Negli ultimi anni Akhundzada ha servito come vice del precedente capo talebano Akhtar Mohammad Mansour, ucciso in un attacco di droni statunitensi lo scorso 21 maggio. Fu proprio lui a nominarlo suo successore nel testamento con cui ha rivelato le sue volontà agli Studenti coranici. Per 15 anni ha insegnato e predicato in una moschea a Kuchlak, una città nel sud-ovest del Pakistan. E nel 2016 è diventato il leader del gruppo, dopo essere scampato a due attentati nel 2012 e nel 2019. A renderlo famoso presso la stampa internazionale ha contribuito però anche l’ampio apprezzamento da sempre mostrato verso l’impiego di attentatori suicidi: nel 2017 proprio uno dei suoi figli si sarebbe fatto esplodere a 23 anni nella provincia meridionale di Helmand.

Quello di Akhundzada è un ritorno alla notorietà dopo un lungo periodo lontano dai radar: non si fa vedere pubblicamente da molti anni e secondo il Washington Post all’inizio del suo mandato cercò soprattutto di rimpolpare le finanze del gruppo, in parte potenziando il commercio e la raffinazione dell’oppio. Una soluzione che ora potrebbe riproporre anche per risollevare l’economia del Paese.

Baradar, il negoziatore che diventa capo dell’esecutivo
Secondo le ultime indiscrezioni uscite dal vertice di Kandahar, poi, sarà il mullah Abdul Ghani Baradar a guidare l’esecutivo vero e proprio. Il capo della delegazione di Doha raccoglie così i frutti di un lavoro iniziato nel 2019, quando su richiesta degli Stati Uniti è stato rilasciato da una prigione pakistana, dove si trovava dal 2010, per diventare il capo della diplomazia degli Studenti coranici.

Baradar, insieme al mullah Omar, è una figura storica all’interno del gruppo, visto che ne è stato il fondatore proprio con l’ex Amir al-muminin. Fu lui, secondo quanto si racconta, a caricare il mullah Omar ferito su una moto, dopo un attacco delle forze anti-talebane in seguito all’intervento americano in Afghanistan, e a portarlo in salvo sulle montagne al confine con il Pakistan. Già da quando è salito alla guida della Shura di Quetta, il principale centro di potere talebano, ha mostrato propensione al pragmatismo e al dialogo. Posizioni che gli hanno garantito la liberazione nel 2019, nel tentativo di intavolare una trattativa tra Usa e Talebani.
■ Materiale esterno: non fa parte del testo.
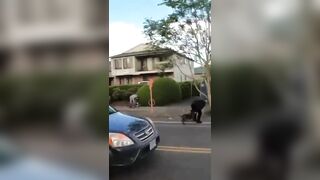 Homeless Man's Pitbull Attacks another Dog and a Person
Sirajuddin Haqqani, il rampollo della Rete sanguinaria
Un altro nome di spicco tra quelli che si contendono un ruolo nel nascente governo è quello di Sirajuddin Haqqani, figlio del fondatore dell’omonima Rete Haqqani, Jalaluddin. Nata al termine della guerra contro i sovietici, presto il gruppo estremista che ha le sue roccaforti nell’est del Paese, vicino al confine col Pakistan, si è alleato con i Talebani distinguendosi per l’estremismo delle proprie posizioni e la violenza messa in atto dai suoi combattenti, autori di numerosi attentati e tra i primi a utilizzare i kamikaze nel conflitto afghano. Posizioni così estremiste da trasformare il network in una sorta di anello di congiunzione, anche dopo la morte di Osama bin Laden, tra i Talebani e al-Qaeda. Dopo la morte di Jalaluddin Haqqani, nel 2018, è stato il figlio Sirajuddin a prendere il controllo del gruppo.
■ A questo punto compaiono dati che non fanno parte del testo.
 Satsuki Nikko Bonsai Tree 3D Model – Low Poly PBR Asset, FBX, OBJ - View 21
Mohammad Yaqoob, l’eredità del mullah Omar
Mohammad Yaqoob è tra i più giovani leader del gruppo, ma la posizione ricoperta è dovuta non solo alle sue capacità, ma anche e soprattutto al fatto che nelle sue vene scorre il sangue del primo leader talebano. È infatti figlio del mullah Omar e ad appena 25 anni ha cercato di assumere la guida dell’intero gruppo, dopo la morte del padre. Un ruolo poi andato al mullah Mansour che, però, Yaqoob non ha mai riconosciuto come Amir al-muminin, forse anche a causa delle voci, da lui stesso smentite, in verità, su un possibile assassinio del padre proprio ad opera del suo successore. Un ruolo da ribelle che è durato solo un anno, vista la veloce uccisione di Mansour e la salita al potere di Akhundzada. Oggi, appena 31enne, si appresta a ricoprire un ruolo di spicco all’interno del nuovo Emirato Islamico.